For someone who had no previous experience in film-making, Bani’s foray into making the documentary was courageous, even foolhardy. “I would approach people with my proposal. Either they would look askance since I had no previous experience or they would be dismissive. Who will see it? Nobody is interested in such films,” she says, recalling the pessimism thrown at her.
That was when Bani, who lived in Bangalore, decided to go it alone, with some help from brother Mano Singh. The very ill, paralysed Grahnandan lived in Delhi and whenever it was her turn to take care of him, Bani prodded him with questions. Depending on his frail, nodding assent (or dissent), she weaved together the story. As Nandy improved, he learnt to write afresh, managing to write down a few memories. “It was a slow, arduous process and over several months I managed to get the story from him. He would direct me to his team members, who then would supplement the story, filling in important details,” she says.
Akshay Kumar stars in the movie Gold
In the process, Bani managed to get on camera legendary players like Balbir Singh and Keshav Datt to speak of their glorious careers, making it a fascinating slice of history. Nandy, Keshav, Balbir and others were from Lahore and part of the undivided Punjab team. Those were the days when India ruled world hockey. Through the reminiscences of these stalwarts, Bani pieced together what it meant to be a hockey player in their time. “Each player had a special quality; none was able to match the agility and technique of the undivided Indian team.”
Everything fell apart during the trauma of Partition. Bani’s father barely survived the violence and managed to flee to Delhi. “Rioters killed an individual in front of my father, who was next in line. When they realised they had murdered an Anglo-Indian, and so fearing the wrath of the British, they dispersed. That is how my father was saved,” she says.
Nandy and his fleeing teammates managed to reach various Indian cities as refugees. Despite the enormous odds presented by torn and bloody lives, they got together and made it back into the Indian hockey team. Bani’s film has all the details, straight from the horse’s mouth.

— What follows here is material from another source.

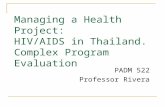 Managing a Health Project: HIV/AIDS in Thailand. Complex Program Evaluation PADM 522 Professor Rivera.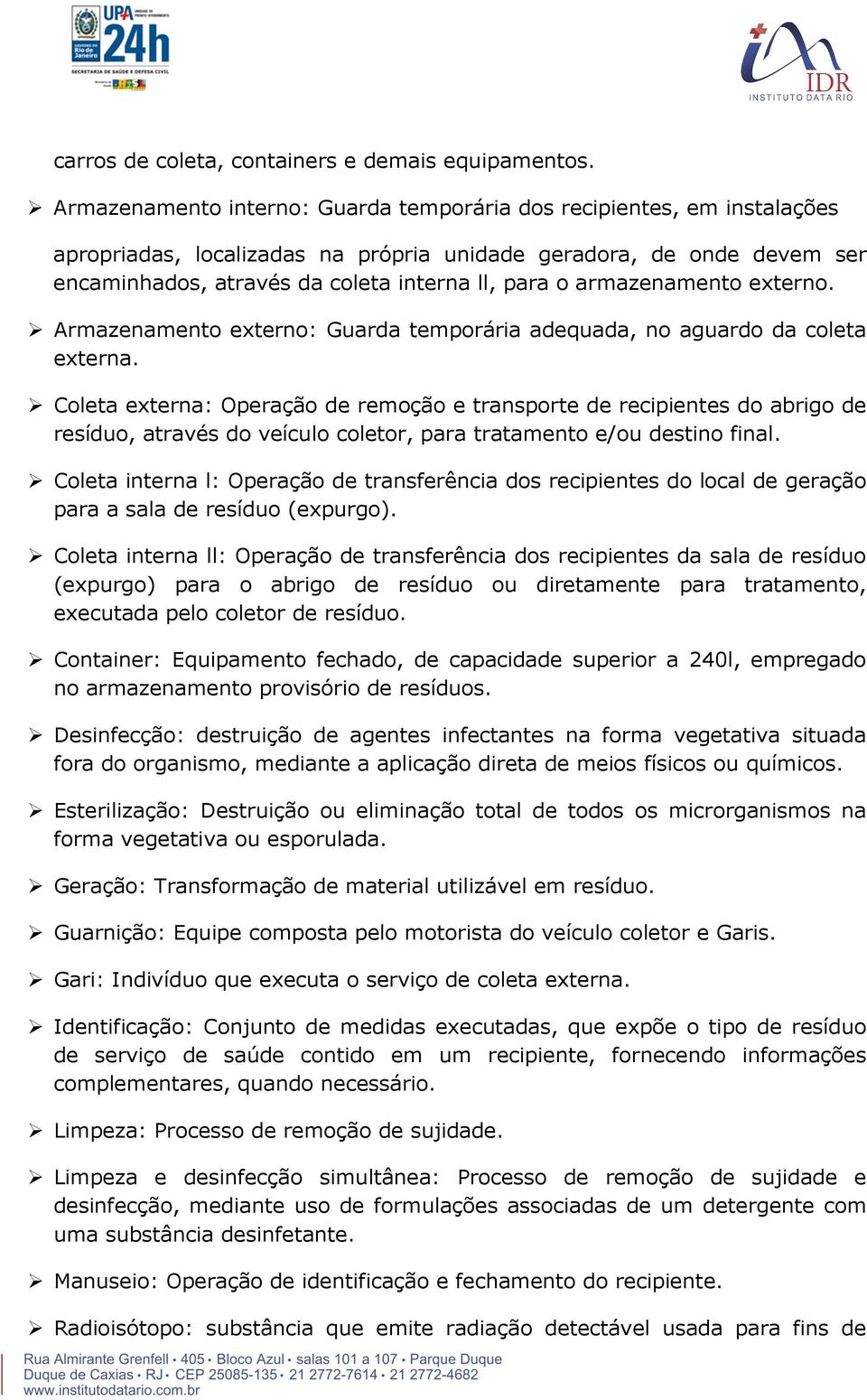 armazenamento externo. Armazenamento externo: Guarda temporária adequada, no aguardo da coleta externa.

Not only that, Bani even managed to make a trip to Lahore and returned with even more emotional tales of camaraderie that existed among former players, despite the madness of 1946-47, and the continuing tensions between the two partitioned offspring—India and Pakistan.

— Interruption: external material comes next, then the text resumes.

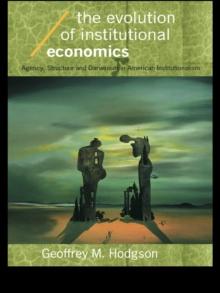 The Evolution of Institutional Economics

Quite naturally, the film strays into Partition history, nuggets of information that throw light on the collective trauma and the tragic strangulation of Asian hockey by the game’s global managers, who changed the rules for it to suit fast-paced European hockey.
Given the obstacles lined up against her, no one knows when Bani’s documentary would see the light of day. Instead of the raw emotions—and the jagged backcloth here—that propel players towards achievements, will India have to stay content with another fictionalised, unsatisfactorily executed Bollywood period drama? Considering the sheer wealth in Bani’s narrative, the least she deserves is a penalty shot, if not a goal on a platter.